No rights for the Classic were included in MLB’s recently signed eight-year, $2.4 billion deal with the network. Both ESPN and MLB have extensive global TV interests, and much of the negotiations for the World Baseball Classic have centered on settling out these non-domestic logistics.
“It’s basically done,” a baseball source said. “We pretty much just need to announce it.”
NEW DAY IN LABOR RELATIONS? Much of the chatter in and around the meetings surrounded last week’s agreement between management and the MLB Players Association on a toughened steroids policy.
Selig (left) called the steroids deal one of his greatest accomplishments; Sternberg (right) won owner approval.
“Every negotiation stands on its own, but there’s no question our relationship is more constructive than ever before,” Selig said.
WASHINGTON OWNERS DELAYED — AGAIN: A long-awaited selection of owners for the MLB-controlled Washington Nationals, targeted as recently as two weeks ago for last week’s meeting, was put on hold again as MLB executives and District of Columbia officials continue to squabble over a lease deal for the club’s new ballpark in Southeast Washington. MLB, wanting a maximum sale price for the club, is making the lease a prerequisite for the sale of the Nationals. Already fractious negotiations hit a deeper snag when district officials demanded that MLB guarantee the Nationals $6 million a year in stadium lease payments, even in the event of the work stoppage, natural disaster or terrorism. The demand runs counter to language in the Baseball Stadium Agreement that governed last year’s relocation of the Montreal Expos to Washington.

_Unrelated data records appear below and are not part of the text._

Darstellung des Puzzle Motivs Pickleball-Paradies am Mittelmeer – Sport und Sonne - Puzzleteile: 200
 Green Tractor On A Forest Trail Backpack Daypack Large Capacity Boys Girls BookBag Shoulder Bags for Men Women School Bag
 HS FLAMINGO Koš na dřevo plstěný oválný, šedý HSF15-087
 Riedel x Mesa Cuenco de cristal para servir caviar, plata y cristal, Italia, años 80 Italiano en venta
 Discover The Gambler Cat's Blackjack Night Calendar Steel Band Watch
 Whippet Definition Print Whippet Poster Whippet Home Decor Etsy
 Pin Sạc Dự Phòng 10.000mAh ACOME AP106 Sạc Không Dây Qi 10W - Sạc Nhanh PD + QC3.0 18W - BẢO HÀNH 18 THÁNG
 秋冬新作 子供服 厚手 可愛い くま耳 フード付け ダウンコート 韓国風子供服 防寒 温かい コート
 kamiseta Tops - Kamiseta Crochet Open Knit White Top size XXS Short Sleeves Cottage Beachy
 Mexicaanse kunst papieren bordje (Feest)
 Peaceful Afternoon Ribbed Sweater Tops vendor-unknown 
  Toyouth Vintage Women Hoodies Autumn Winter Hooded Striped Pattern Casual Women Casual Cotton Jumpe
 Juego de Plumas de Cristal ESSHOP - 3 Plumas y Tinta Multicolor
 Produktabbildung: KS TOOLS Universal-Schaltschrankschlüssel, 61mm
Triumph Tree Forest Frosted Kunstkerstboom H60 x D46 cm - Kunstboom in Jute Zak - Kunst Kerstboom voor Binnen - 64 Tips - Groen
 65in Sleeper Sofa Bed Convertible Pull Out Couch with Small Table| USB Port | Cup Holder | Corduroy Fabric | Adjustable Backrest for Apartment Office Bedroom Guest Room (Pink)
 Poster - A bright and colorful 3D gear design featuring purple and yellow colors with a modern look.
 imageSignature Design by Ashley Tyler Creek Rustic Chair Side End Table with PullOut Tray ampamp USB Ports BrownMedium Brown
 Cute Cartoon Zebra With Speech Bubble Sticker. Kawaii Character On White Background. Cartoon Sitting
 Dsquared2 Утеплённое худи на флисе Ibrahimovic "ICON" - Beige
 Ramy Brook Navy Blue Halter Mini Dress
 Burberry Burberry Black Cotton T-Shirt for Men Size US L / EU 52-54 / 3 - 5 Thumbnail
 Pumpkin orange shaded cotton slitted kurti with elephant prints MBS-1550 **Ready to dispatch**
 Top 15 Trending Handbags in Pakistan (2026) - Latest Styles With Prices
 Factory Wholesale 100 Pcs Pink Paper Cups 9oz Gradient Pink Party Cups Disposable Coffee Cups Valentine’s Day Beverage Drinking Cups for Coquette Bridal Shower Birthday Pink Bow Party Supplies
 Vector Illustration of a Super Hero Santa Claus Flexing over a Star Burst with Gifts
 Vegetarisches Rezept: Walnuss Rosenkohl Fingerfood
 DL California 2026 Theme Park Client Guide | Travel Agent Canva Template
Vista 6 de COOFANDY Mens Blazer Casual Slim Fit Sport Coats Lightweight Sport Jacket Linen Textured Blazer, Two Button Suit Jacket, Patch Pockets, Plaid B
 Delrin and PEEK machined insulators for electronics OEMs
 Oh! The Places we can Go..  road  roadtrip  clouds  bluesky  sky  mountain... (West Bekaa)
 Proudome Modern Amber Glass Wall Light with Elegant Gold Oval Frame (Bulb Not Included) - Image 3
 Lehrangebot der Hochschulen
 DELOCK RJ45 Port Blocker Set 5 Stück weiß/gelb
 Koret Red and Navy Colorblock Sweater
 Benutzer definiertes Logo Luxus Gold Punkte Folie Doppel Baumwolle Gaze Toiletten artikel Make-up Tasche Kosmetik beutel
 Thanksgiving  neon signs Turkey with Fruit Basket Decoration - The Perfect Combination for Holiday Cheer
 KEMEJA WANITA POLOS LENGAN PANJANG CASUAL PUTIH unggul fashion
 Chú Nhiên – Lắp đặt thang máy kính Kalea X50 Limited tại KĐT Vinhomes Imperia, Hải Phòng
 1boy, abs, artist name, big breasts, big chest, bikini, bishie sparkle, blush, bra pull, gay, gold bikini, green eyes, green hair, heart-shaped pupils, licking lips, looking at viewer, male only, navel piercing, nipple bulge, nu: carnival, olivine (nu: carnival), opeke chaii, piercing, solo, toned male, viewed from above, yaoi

“They are putting things forward that we simply don’t view as appropriate,” said MLB President Bob DuPuy.
The stadium bonds must be issued by the end of December to keep the district in accordance with that portion of the relocation agreement.
STERNBERG GETS APPROVED: Stuart Sternberg’s acquisition of a controlling interest in the Tampa Bay Devil Rays was unanimously approved by the other 29 clubs, who are watching him with great expectations that he will turn around one of baseball’s most troubled markets.
“Our first step is still to rebuild the infrastructure of this franchise, lower the barriers to entry to see our games, and repair some fractured relationships with the business community,” Sternberg said. “What we’re talking about is a complete brand upheaval, and one that’s just getting started.”